The Valero Benicia Refinery has disclosed detailed information regarding the incident that led to the release of an unpleasant odor into the city of Benicia on February 24th and has formally concluded its investigation.

The sequence of events unfolded on Friday, February 23rd when a gas turbine malfunctioned in the Benicia Refinery Fluid Catalytic Cracker Unit, triggering emergency shutdown procedures and necessitating the rerouting of materials to “slop system” tanks. During this process, Tank 1738 was deactivated at around 4:13 a.m. on February 24th upon the discovery of liquid hydrocarbon on its roof.

By 5:30 a.m. the following morning, the Benicia Refinery’s Fence-line monitors detected elevated levels of Hydrogen Sulfide southwest of the Refinery, accompanied by the distinctive odor of H2S, commonly known as the smell of rotten eggs, permeating the city of Benicia.

The refinery promptly initiated an investigation, pinpointing hydrocarbon residue on the roof of Tank 1738 as the source of the odor. Cleanup operations commenced around 1 p.m. on February 24th, with personnel diligently working to remove the material until dusk. Operations resumed the next day, with spot cleaning efforts continuing until cleanup was completed on February 26th.

Initial estimates suggested approximately 83 gallons of refined hydrocarbon material had been involved. However, upon closer inspection during cleanup, it was determined that the material was a thin sheen, with an estimated volume of approximately 35 gallons. The majority of the material removed was rainwater.

An investigative team, comprising managers, engineers, and hourly operators, was assembled two days post-incident to determine its root cause and propose corrective measures. Data from various sources, including equipment monitoring trends and eyewitness accounts, were scrutinized.

The investigation revealed that the floating roof on Tank 1738 had slightly tilted, likely due to vapors entering the tank. While potential sources of lighter hydrocarbon materials were identified, insufficient data prevented the team from conclusively determining the source of the vapors.

However, the volume of material on the roof was deemed insufficient to cause offsite impacts, leading investigators to suspect a vapor release from the tank.
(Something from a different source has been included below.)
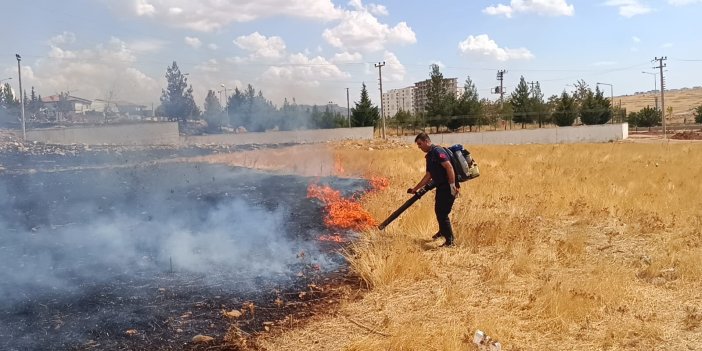 Mardin’de ot yangını çıktı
To address potential future incidents, the refinery plans to convene a meeting with the City of Benicia and Solano County Certified Unified Program Agency by September 30th. The focus will be on devising engineering solutions for potential slop sources, implementing monitoring and alarm systems, and exploring procedural enhancements to mitigate the risk of vapor release.

While further actions will be discussed during the meeting, the refinery has officially closed its investigation into the incident.